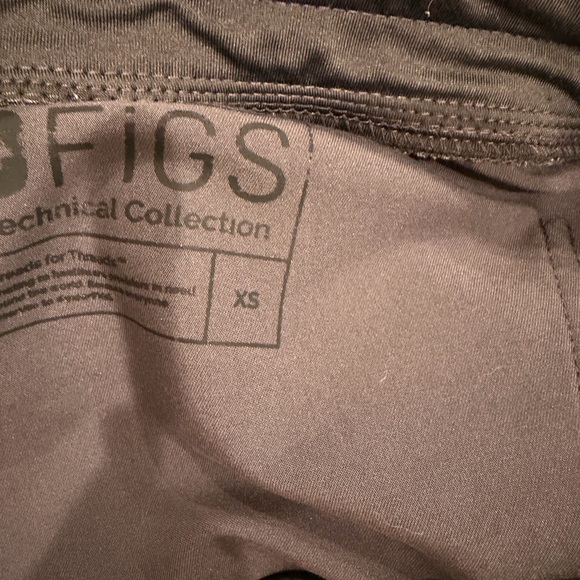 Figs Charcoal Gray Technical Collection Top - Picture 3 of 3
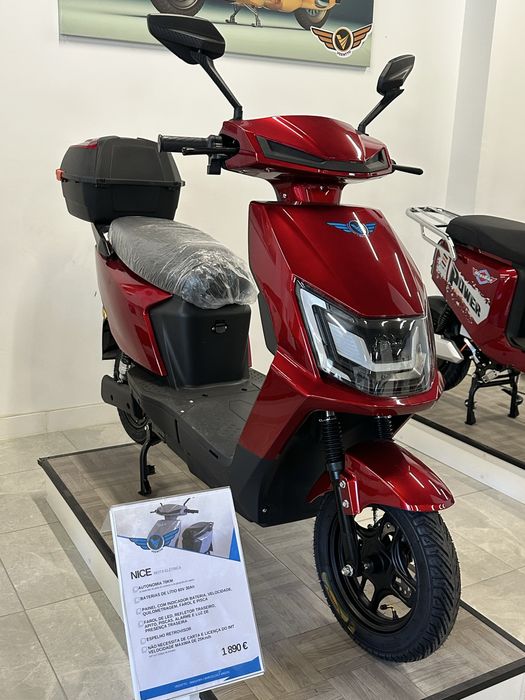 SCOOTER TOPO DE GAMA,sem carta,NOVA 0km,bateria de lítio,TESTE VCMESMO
...
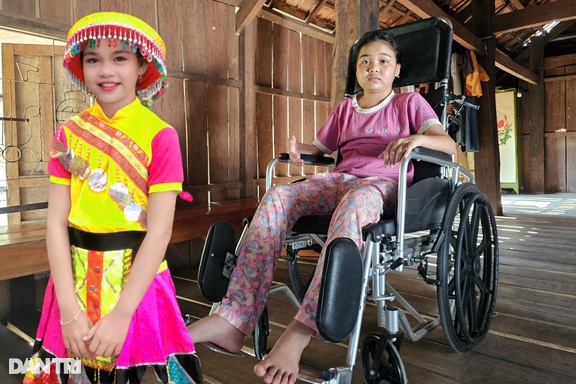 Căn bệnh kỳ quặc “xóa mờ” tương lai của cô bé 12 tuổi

_Exercise description_
From the material above, output only the span of lines that starts at the one containing "Figs Charcoal Gray" and finishes at the one containing "SCOOTER TOPO DE", word for word and free of pictures.

_Reply to the task_
 Figs Charcoal Gray Technical Collection Top - Picture 3 of 3
 SCOOTER TOPO DE GAMA,sem carta,NOVA 0km,bateria de lítio,TESTE VCMESMO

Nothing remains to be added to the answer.